1. De directeur-generaal onderzoekt of het bezwaarschrift informeel kan worden afgehandeld alvorens het verder in behandeling te nemen.
2. De informele aanpak start door kort na binnenkomst van het bezwaarschrift hierover contact op te nemen met de bezwaarmaker en de voorbereider van het primaire besluit.
3. Als het bezwaar in der minne wordt geschikt, legt de directeur-generaal de gemaakte afspraken schriftelijk vast en neemt zo nodig een nieuw besluit.
1. De directeur-generaal kan categorieën van bezwaarschriften aanwijzen, waarbij het horen ambtelijk plaatsvindt.
2. De ambtelijk hoorder wordt door de directeur-generaal aangewezen.
3. De directeur-generaal bepaalt de wijze en het tijdstip van het horen.
4. Als de bezwaarmaker of de directeur-generaal het bezwaarschrift aan de commissie wil voorleggen, kan de directeur-generaal besluiten dat het horen door de commissie plaatsvindt.

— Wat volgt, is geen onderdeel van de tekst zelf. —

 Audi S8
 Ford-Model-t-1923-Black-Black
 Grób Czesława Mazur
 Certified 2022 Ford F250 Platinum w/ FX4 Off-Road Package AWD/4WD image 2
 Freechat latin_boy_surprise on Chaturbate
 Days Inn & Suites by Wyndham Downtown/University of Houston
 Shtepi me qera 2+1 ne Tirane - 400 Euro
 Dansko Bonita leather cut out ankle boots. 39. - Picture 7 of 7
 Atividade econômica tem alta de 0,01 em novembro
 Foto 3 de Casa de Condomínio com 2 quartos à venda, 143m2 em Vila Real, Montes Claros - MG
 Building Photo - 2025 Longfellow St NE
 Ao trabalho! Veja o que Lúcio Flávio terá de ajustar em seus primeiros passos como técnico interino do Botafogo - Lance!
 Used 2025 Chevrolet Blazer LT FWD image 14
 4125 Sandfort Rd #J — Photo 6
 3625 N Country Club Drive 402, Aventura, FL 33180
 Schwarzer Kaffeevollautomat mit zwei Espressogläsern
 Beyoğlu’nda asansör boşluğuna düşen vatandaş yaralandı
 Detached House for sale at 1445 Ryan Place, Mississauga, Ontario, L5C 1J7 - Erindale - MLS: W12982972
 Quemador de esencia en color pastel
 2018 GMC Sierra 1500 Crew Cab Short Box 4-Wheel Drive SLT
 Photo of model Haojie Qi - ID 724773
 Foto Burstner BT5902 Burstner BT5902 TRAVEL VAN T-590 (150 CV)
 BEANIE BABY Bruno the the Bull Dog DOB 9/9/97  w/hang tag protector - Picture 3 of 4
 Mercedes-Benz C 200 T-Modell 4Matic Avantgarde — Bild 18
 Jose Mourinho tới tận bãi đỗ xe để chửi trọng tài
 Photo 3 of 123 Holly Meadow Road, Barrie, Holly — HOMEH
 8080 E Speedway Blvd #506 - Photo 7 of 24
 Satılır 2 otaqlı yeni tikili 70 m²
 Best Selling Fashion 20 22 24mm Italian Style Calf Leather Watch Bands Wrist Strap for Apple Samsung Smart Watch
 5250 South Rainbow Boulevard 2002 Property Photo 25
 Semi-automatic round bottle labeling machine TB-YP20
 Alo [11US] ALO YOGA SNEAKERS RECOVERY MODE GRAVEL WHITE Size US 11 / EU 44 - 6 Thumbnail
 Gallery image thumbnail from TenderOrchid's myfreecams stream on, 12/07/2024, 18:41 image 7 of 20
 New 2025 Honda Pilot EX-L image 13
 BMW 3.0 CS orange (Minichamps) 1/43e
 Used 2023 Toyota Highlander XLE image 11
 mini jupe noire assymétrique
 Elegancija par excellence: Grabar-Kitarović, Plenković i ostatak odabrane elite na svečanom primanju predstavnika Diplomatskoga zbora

1. Er is een commissie ter voorbereiding van de beslissing op bezwaarschriften tegen het opleggen van een bestuurlijke boete, een last onder dwangsom (artikel 43 en artikel 51 van de CBS-wet) aan een rechtspersoon (artikel 33, tweede lid CBS-wet), ondernemingen, vrije beroepsbeoefenaren, instellingen en rechtspersonen (artikel 33, derde lid CBS-wet) die de in die leden bedoelde gegevens niet, niet tijdig of niet volledig hebben verstrekt en de eventueel daar uit voorvloeiende invorderingsbeschikking.
2. De commissie is belast met het horen en adviseren over de volledige heroverweging van bestreden besluiten.
3. De commissie is niet belast met de behandeling van bezwaarschriften, waarvan is bepaald dat de voorbereiding van de beslissing op bezwaar ambtelijk wordt afgedaan.
4. Als de bezwaarmaker of de directeur-generaal het niet nodig vindt dat het bezwaarschrift aan de commissie wordt voorgelegd, kan de directeur-generaal besluiten dat het horen ambtelijk plaatsvindt.
1. De commissie bestaat uit een (plaatsvervangend) voorzitter en twee leden en plaatsvervangende leden.
2. De voorzitter, de plaatsvervangend voorzitter, één lid en een plaatsvervangend lid komen van een externe instelling/organisatie. Eén lid en een plaatsvervangend lid zijn werkzaam geweest bij het CBS.
1. De secretaris is een door de directeur-generaal aangewezen personeelslid van het CBS.
De secretaris is geen lid van de commissie.
2. De directeur-generaal wijst ook een of meer plaatsvervangers van de secretaris aan.
1. De voorzitter, leden en plaatsvervangende leden worden door de directeur-generaal benoemd voor een periode van ten hoogste vier jaar. Het is mogelijk één keer herbenoemd te worden.
2. De voorzitter en de leden kunnen op elk moment ontslag nemen. Zij doen daarvan schriftelijk mededeling aan de directeur-generaal.
3. De aftredende of ontslagnemende voorzitter of leden blijven hun functie vervullen totdat in de opvolging is voorzien.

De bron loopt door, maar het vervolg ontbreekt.